I can’t stop coding
Literally.
When I’m not building cloud apps for my clients and employers, I often do it for myself. Here’s a few examples of personal projects and business ventures I’ve been working on during my professional career.
- Comodoro: a task manager for multitasking people.
- Language Evolution: a game experiment with an agent-based AI.
- MVCLight: a lightweight PHP framework from the early days of the MVC pattern.
- Abc-Webs.net: my own digital agency, operating from 2005 through 2007.
Comodoro
Comodoro is a task manager designed around the concept of micro-projects: collections of tasks that usually don’t require a fully-blown project manager tool but that A) span in time so that they need to be tracked; and B) they often run in parallel with many other micro-projects.
Many years ago, back in 2013, I was studying my Master’s in ICT at HES-SO, Lausanne. I was overwhelmed by what seemed to me an unmanageable amount of tasks, works and exams to do.

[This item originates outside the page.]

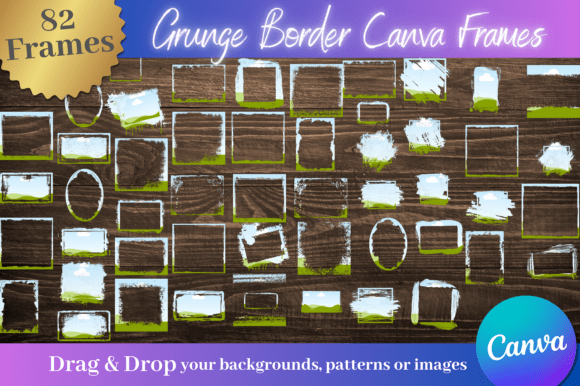 82 Distressed Grunge Frame Canva Frames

I needed a two-dimensional visualization tool that allowed me to see, at a glance, what the priority was on each project (school subjects in my example) and which of those priorities were, well, a higher priority over the others.
The idea had been born.
Try it for free here: comodoro.app.
Language Evolution
Language Evolution is a simulation game that tries to reproduce and explain the natural language evolution that happened among humans many thousand years ago. Modeled as an agent-based system, it uses independent individual agents that behave differently according to a set of rules built in each one.

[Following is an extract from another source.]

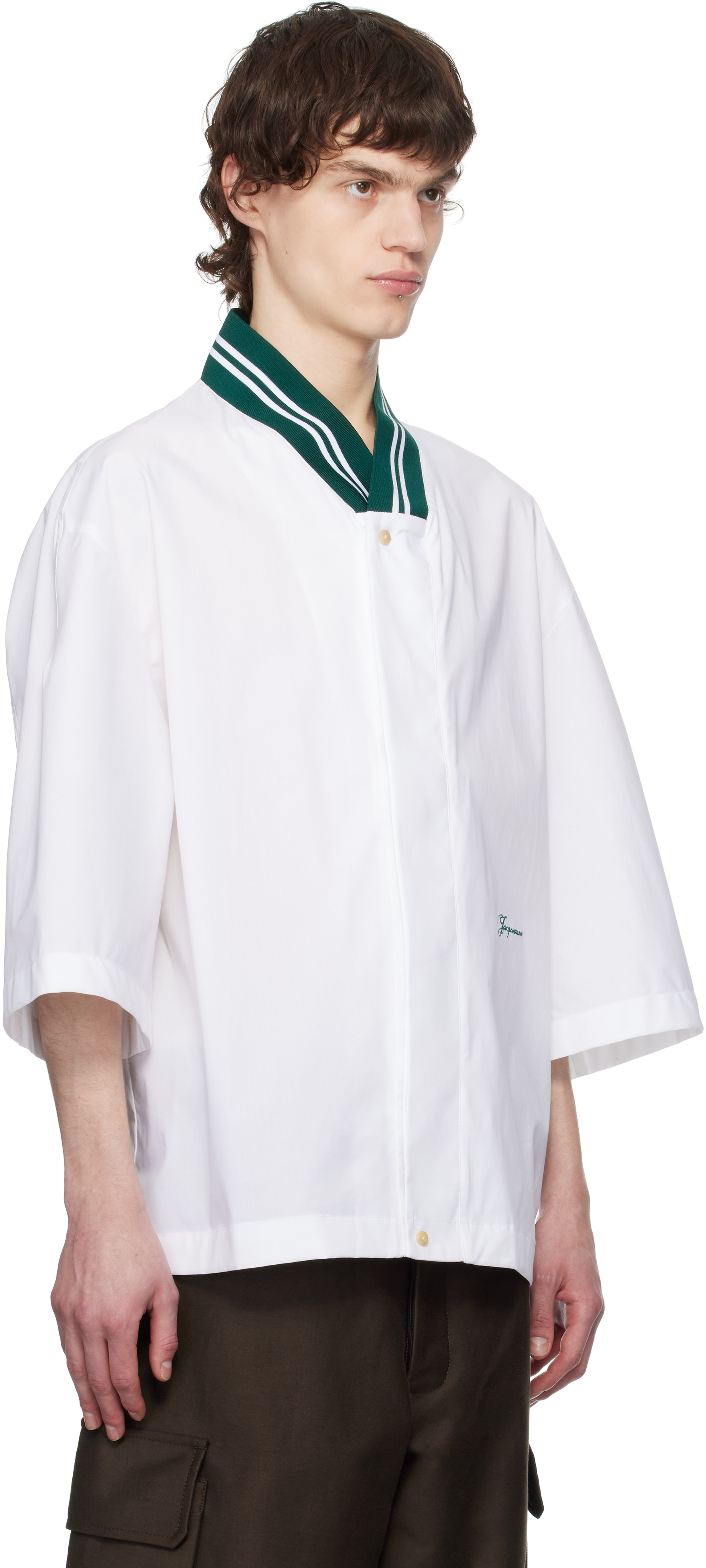 Jacquemus La Chemise Baseball White Shirt With Embroidered Logo On The Front In Cotton Man In 100 White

With a given independent behavior, the agents give names to their surrounding objects creating this way a personal dictionary, then share it with other agents until they reach an agreement on the community vocabulary. Thus evolved languages are bond to barbarian invasions, foreigner influences and random neologism generation, all common events shared by the major part of the ancient civilizations.
Please read the wiki for more information about the game mechanics.
You can find a live demo here.
MVCLight
MVCLight is a lightweight MVC framework written in PHP. It is intended for custom projects where a home-brew solution is required or where performance is critical and an MVC architecture is wanted. It is also an interesting piece of code for educational purposes.
MVCLight evolves from MVC PHPro (suggested reading) which explains the basic concepts of the MVC architecture. This version follows a big part of its principles, but adds a second layer of structure and automation so that coding is easier while keeping the framework light.
If you want to develop applications faster and are not worried about performance, I’d suggest to use Yii, Kohana, CodeIgniter or CakePHP instead. If you are unsure about what you should do, I’ve performed a few comparison tests that may help you decide.
Download
Check this demo application for further info, documentation and download links.
Visit the github repository for direct access to the code.
Manual
Check this demo application for further info, documentation and download links.
Abc-Webs.net
During the early years of the web and way before we had the modern frameworks we have today, I launched and run a local web digital agency providing integral web services: consulting, hosting, web design and development. The agency closed its doors by 2007 after two years of operation.